Latest development in Michigan sign-stealing saga a reminder of who controls college football

Michigan changed its tune in regard to former analyst Connor Stalions' sign-stealing scheme after information revealed a booster, referred to as "Uncle T," helped fund the operation.

On Thursday, the university dropped its lawsuit seeking a temporary restraining order against the Big Ten as a result of head coach Jim Harbaugh's three-game suspension.

In a saga with plenty of twists and turns, the latest development is the least shocking of them all. When it comes to college football, it always comes back to boosters.

"Boosters are the lifeblood of athletic departments," wrote Josh Planos for FiveThirtyEight in May 2022. 

Their power has grown in the era of name, image and likeness (NIL) deals, with collectives funded by boosters helping secure commitments from recruits.

In a May 2022 CBS Sports article, NCAA council chair Shane Lyons discussed their influence in recruiting: "We've never let boosters be involved in the recruiting process. Where did it go off the tracks? ... The collectives are boosters." 

"Those collectives," wrote Dennis Dodd, "emerged as an unintended consequence of what has basically become unchecked NIL benefits."

Per Planos, "The NCAA has attempted to quell the booster influence for more than a century." He noted a 1929 study that revealed "university alliances with booster clubs had led to a complete lack of regulation. Program control ... has been paid for by alumni for as long as college athletics had existed." 

An NCAA presidents commission report over a half-century later, Planos wrote, "included a poll in which 87 percent of Division I presidents surveyed cited boosters as the biggest possible cause of integrity problems."

Boosters are also influential in coaching searches and can use their money to dictate who the university hires. When things go bad, they're the reason being a fired college football head coach is the best job in America.

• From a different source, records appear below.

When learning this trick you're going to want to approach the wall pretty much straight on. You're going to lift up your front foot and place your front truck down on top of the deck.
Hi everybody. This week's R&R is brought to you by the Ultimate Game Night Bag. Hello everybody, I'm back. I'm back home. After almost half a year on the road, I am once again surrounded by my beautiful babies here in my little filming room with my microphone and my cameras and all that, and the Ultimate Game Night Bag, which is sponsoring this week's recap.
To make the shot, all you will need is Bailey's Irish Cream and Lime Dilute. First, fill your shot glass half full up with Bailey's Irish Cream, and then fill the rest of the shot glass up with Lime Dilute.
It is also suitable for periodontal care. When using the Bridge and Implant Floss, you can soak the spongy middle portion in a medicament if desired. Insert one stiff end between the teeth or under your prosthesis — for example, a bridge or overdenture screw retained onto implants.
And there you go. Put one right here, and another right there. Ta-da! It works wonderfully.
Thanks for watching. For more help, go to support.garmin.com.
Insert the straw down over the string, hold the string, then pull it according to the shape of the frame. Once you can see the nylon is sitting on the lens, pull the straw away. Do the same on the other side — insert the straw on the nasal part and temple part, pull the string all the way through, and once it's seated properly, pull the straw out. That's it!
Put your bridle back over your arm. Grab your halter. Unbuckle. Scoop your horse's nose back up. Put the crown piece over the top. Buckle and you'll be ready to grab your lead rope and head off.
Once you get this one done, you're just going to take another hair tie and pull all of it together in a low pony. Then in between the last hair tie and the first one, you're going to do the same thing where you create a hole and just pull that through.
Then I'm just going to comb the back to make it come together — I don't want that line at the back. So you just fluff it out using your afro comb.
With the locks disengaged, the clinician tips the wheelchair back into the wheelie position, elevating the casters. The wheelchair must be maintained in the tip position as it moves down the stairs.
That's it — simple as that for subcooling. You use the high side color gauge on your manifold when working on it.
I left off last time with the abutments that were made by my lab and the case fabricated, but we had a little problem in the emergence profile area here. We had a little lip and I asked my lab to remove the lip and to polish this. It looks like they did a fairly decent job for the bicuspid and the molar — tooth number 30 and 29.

With the money boosters spend on coaching hirings (and firings) and their growing influence on recruiting, it isn't shocking that one would try to influence the game by funding a cheating scheme. Why leave anything up to chance when there's already so much money involved?

The only surprising thing about the latest development in Michigan's case is it hasn't happened (or been discovered) somewhere else sooner.